Information provided:
--------------------------------
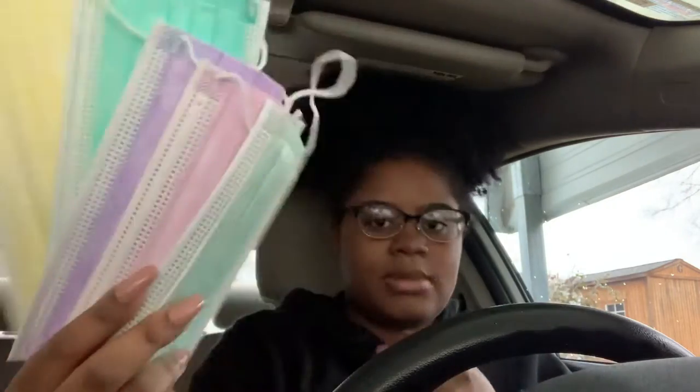I also bought face masks to put in here because we're in the pandemic. I got these different colored face masks — a box of 50 of them — just to keep in my car in case I don't have any when I'm out somewhere.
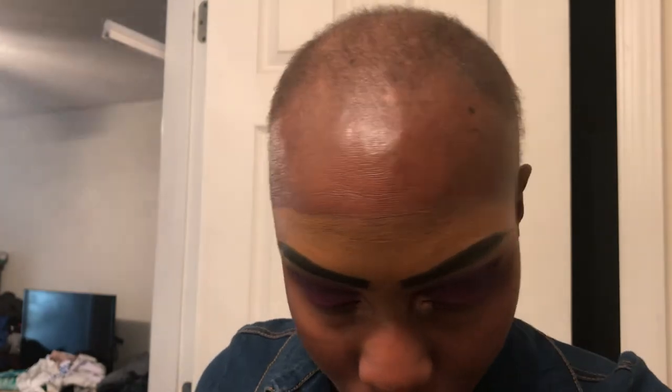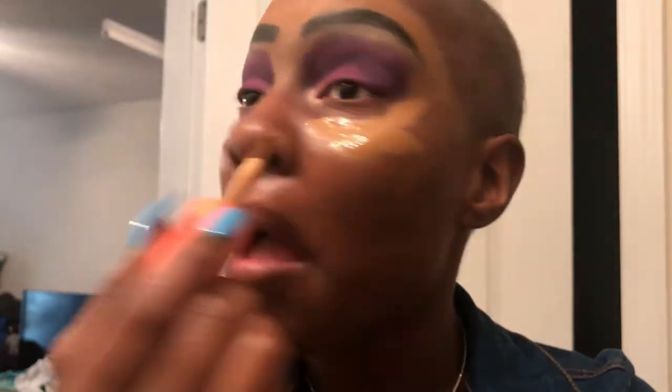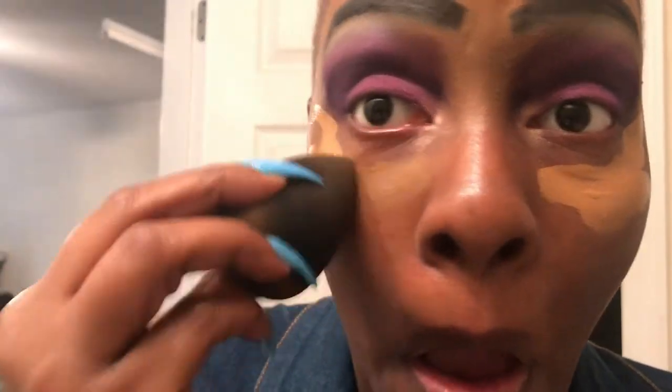That is so pretty! I'm gonna take my little black blender brush and use the concealer I use to clean up my brows — I'm gonna clean up my eyeshadow with the tip of the blender brush.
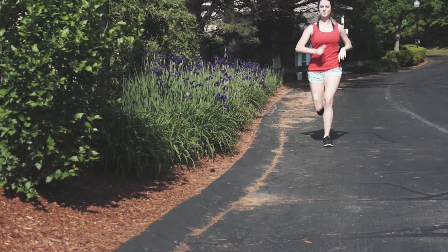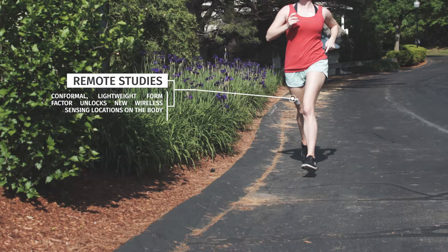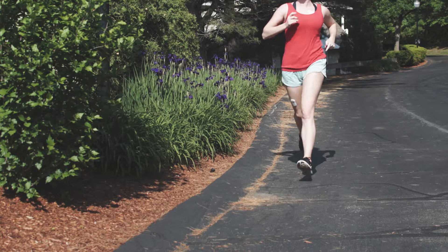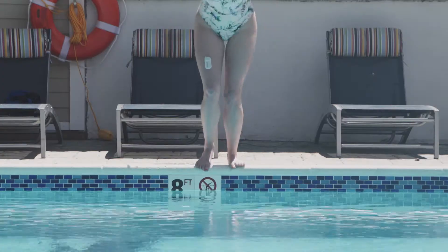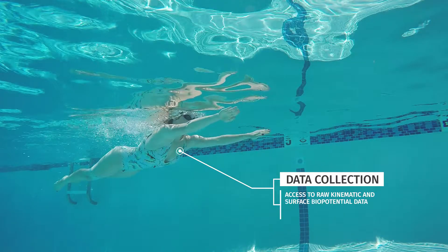The Biostamp Endpoint system centers on soft, flexible, conformal Biostamp sensors that can be worn up to 24 hours at a time anywhere on the body for targeted data collection. Onboard memory stores the data locally, allowing study execution in a variety of settings.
--------------------------------
Starting from the line where "That is so pretty!" appears, copy every line through the end of the material, both ends included, but no pictures.

Response to this task:
That is so pretty! I'm gonna take my little black blender brush and use the concealer I use to clean up my brows — I'm gonna clean up my eyeshadow with the tip of the blender brush.
The Biostamp Endpoint system centers on soft, flexible, conformal Biostamp sensors that can be worn up to 24 hours at a time anywhere on the body for targeted data collection. Onboard memory stores the data locally, allowing study execution in a variety of settings.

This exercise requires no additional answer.